DeepSeek V3: The Best Coding Model Yet?
Discover the power of DeepSeek V3 - the revolutionary coding model that can generate complex websites, interactive visualizations, and solve challenging reasoning problems with ease. Explore its impressive capabilities and see how it could transform your software development workflows.
March 26, 2025

Discover the latest advancements in coding models with DeepSeek's V3 update, which showcases impressive capabilities in generating complex websites, interactive visualizations, and solving complex reasoning tasks. This blog post explores the model's performance and highlights its potential to revolutionize software development workflows.
Deepseek's Impressive Coding Capabilities
Deepseek's Reasoning Abilities
Accessing and Using Deepseek
Conclusion
Deepseek's Impressive Coding Capabilities
Deepseek's Impressive Coding Capabilities
Deepseek's latest V3 update has showcased its remarkable capabilities in coding tasks. The model was able to create a modern landing page with HTML, CSS, and JavaScript in a single file, generating almost 20,000 tokens to achieve this effect. This is a significant improvement compared to the output from Sonnet 3.7.

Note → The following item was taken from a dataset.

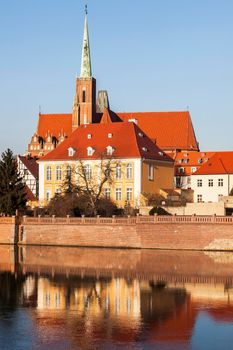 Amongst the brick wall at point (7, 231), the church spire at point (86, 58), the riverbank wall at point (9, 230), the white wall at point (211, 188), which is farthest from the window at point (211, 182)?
the church spire at point (86, 58)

Furthermore, Deepseek demonstrated its ability to generate an HTML script for a ball bouncing inside a spinning tessellated cube. The model not only accurately rendered the visual interaction but also added the functionality to highlight the specific side of the cube that the ball collides with.
Deepseek's reasoning capabilities have also been enhanced. When presented with modified versions of classic problems, such as the trolley problem and the Monty Hall problem, the model was able to recognize the changes and provide appropriate responses. This suggests that Deepseek has developed a better understanding of the nuances in these types of problems.
Overall, the impressive coding and reasoning capabilities showcased in Deepseek's V3 update highlight the significant progress made in large language models. These advancements suggest that Deepseek's future iterations, such as R2 and V4, could potentially offer even more remarkable performance in a wide range of tasks.
Deepseek's Reasoning Abilities
Deepseek's Reasoning Abilities
Deepseek V3 has demonstrated impressive reasoning capabilities, particularly in handling modified versions of classic problems. The model is able to carefully read the user input and rewrite it verbatim before providing a thoughtful answer.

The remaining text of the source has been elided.